Fast forward to present day. Last week I was unpacking a box from my school days when I happened upon a stack of negatives I’d developed myself for that Year 12 art folio. Too scared to send them to a developer, and no longer having access to a darkroom, I placed the slide-film negs on a makeshift lightbox (opaque perspex over a lamp) and began sifting through them until I found a few images which piqued my interest. Using my DSLR I took photos of the negs then edited them in Lightroom. While the aim was to remain true to the original shots, the colours and white balance were almost unsalvageable, so I converted them into black and white. Of course, the quality is not the same as if they’d been printed, but maybe that just adds to the original idea of the project – that all things are affected. Looking through the entire series again, this image spoke to me the loudest because it was a genuine unguarded moment. The teacher at the time chose an image of Mum screaming, to print off for the final project. It was not one of Mum’s prettiest moments. But this image is, because despite the mask I’d painted on her, despite everything she’d been through, her soulful, soft side shone through. And that kind of beauty is palpable.

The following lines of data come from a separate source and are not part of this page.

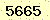 請輸入此驗證碼 : 5665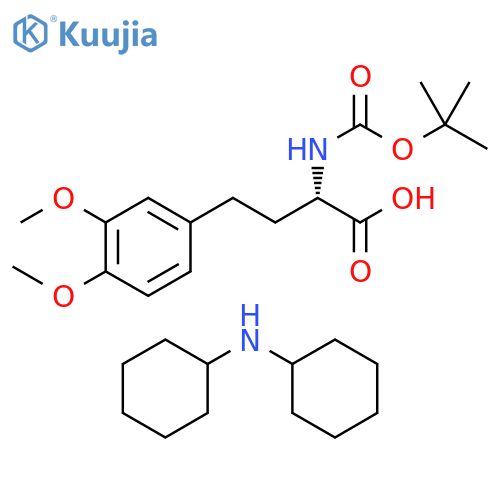(S)-Boc-2-amino-4-(3,4-dimethoxyphenyl)-butyric acid dicyclohexylammonium salt structure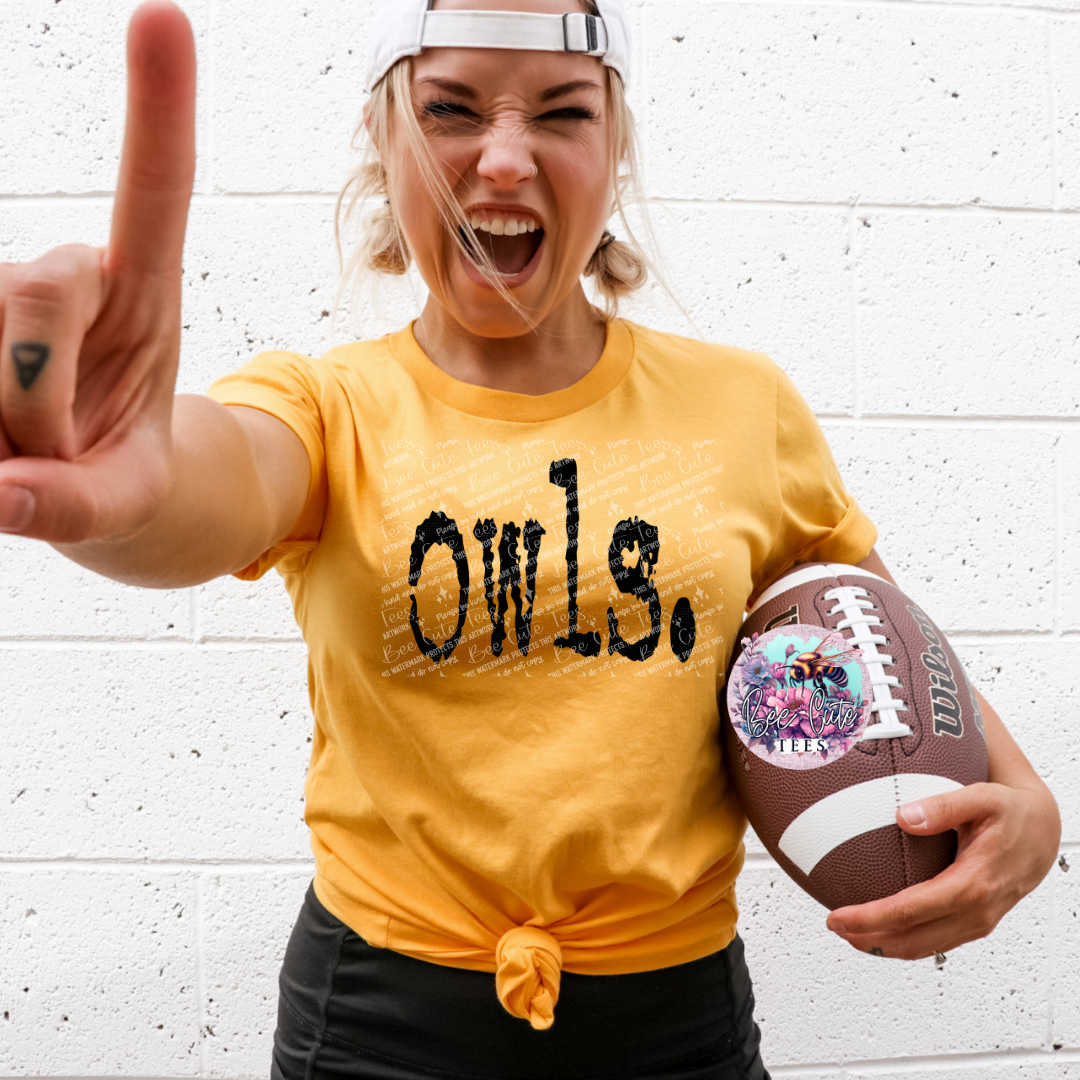 Owls Typography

What do you think are the TWO most impactful features that make your image a good photograph? Don’t be shy!
Perhaps one of the image’s stronger points is its storytelling because it’s voyeuristic in nature. Do we have permission to see this fleeting moment of emotion and honesty? She’s not engaging the viewer at all, is not concerned that someone is prying into her world, and is lost in someplace else. Why? I want to know what she’s feeling.
I also like the actual treatment and softness of the reproduction. The dreamlike quality mimics the “lost in thought” emotion of the subject, steering the viewer to fall gently with her, into her thoughts. The image floats, just like the thoughts floating across her mind.
If you would be able to make this photo once again, what would be the ONE thing you would like to do better or different?
As a 15 year old, I don’t think I could’ve taken this image any better or differently. As an adult with another 40 years experience, of course there are things I may have done differently like lighting, and developing it in black and white in the first place. However, a candid moment is just that. How can that be recreated? I’m just so grateful I reconnected with the image again.
Kay Gibbons-Buckwell shared this photograph in the FRAMES Facebook Group.
Kay Gibbons-Buckwell, Geelong, Australia
Equipment and settings
The original camera was borrowed from the school so I can’t remember what brand it was, only that it was an SLR. I developed the original colour Kodak slide-film negs myself using a drum in a darkroom. This reproduction was made with a lightbox type set-up and a Nikon D5600 with a 50mm prime lens. Edited in Lightroom.